聖女様、紅茶を飲みながら「基礎から学び直していらっしゃい」って
冷たく言い放った……。
4:名無しの市民
「攻防? いいえ、これは単なる『術式の添削』ですわ」
……あの一言、震えた。
5:名無しの騎士
攻撃した連中の脳内に、今「無限に繰り返される呪文の詠唱破棄」が
強制投影されて、みんな白目を剥いて倒れたぞ。
聖女様の防壁、硬すぎるだろ。
◆ ◆ ◆
「……ふぅ。これでようやく、庭の魔力律が正常化されましたわ」
リリアは、再構築を終えて、より一層澄み渡った庭の気配を感じ、
朱雀に新しい茶葉を用意させた。
他人の聖域に土足で踏み込もうとする者が、
自らの放った魔力に呑まれるのは、当然の摂理である。
「いい、四神の皆様。
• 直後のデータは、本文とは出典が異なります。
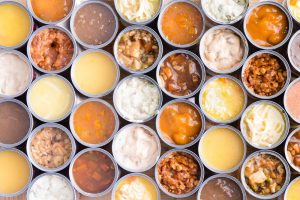 Overview of open cans of soup.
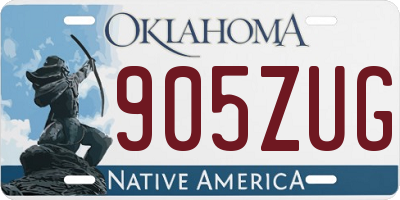 OK license plate 905ZUG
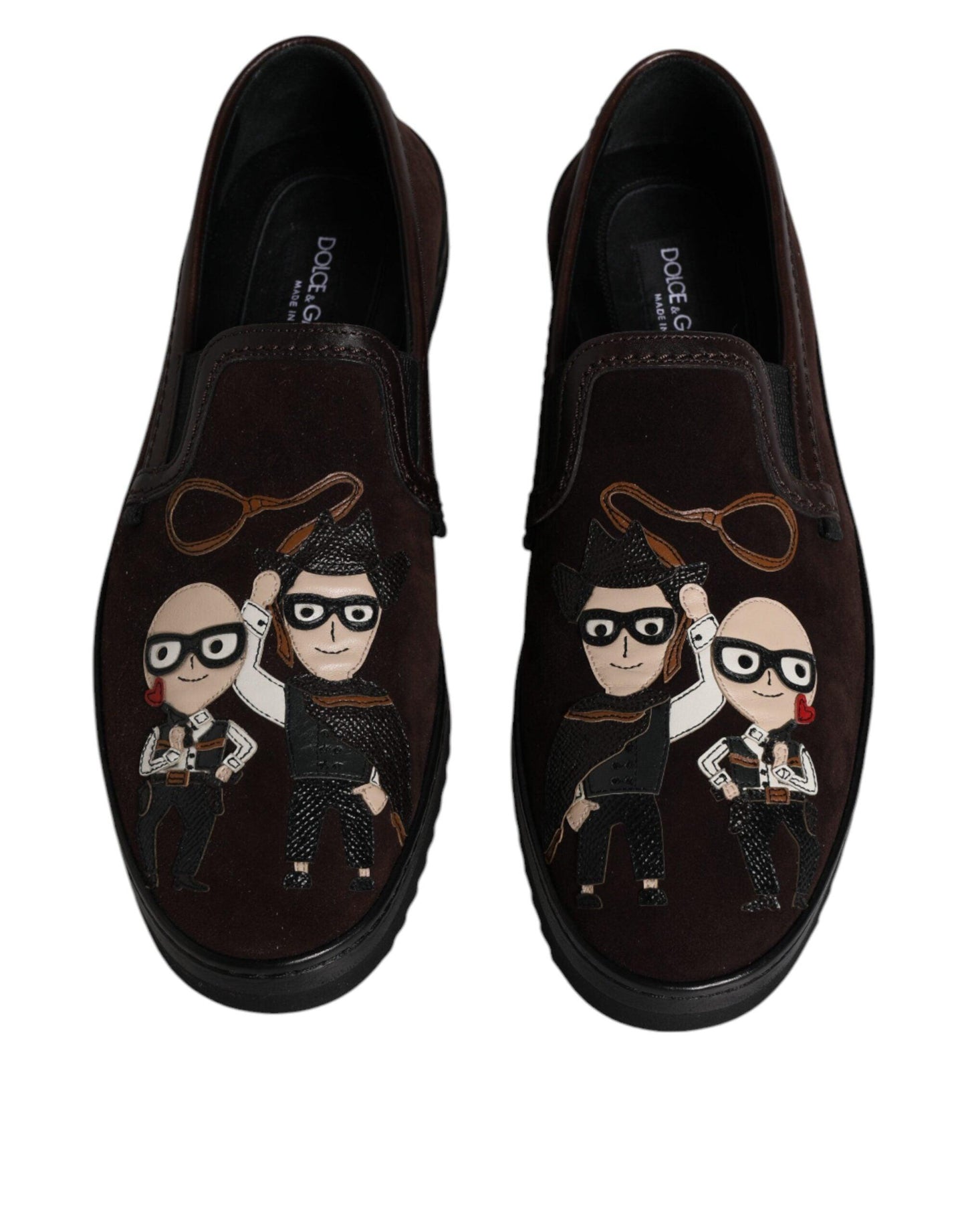 Dolce & Gabbana Brown Suede DG Family Slip On Flats Shoes - Arichezz.store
外部からの無作法な干渉など、
単なる『構成ミス』に過ぎません。
私たちはただ、完璧に編み上げられたこの平穏を、一瞬一秒守り抜くのです。」
四神たちは、主の圧倒的な術式支配力に畏怖し、
庭の維持管理に、さらに情熱を注ぎ始めた。
全世界の魔導師たちが「彼女に挑むことは、
世界の理そのものを書き換えようとするほどの無謀なのだ」と悟り、
二度と「接続」を試みぬことを誓った瞬間であった。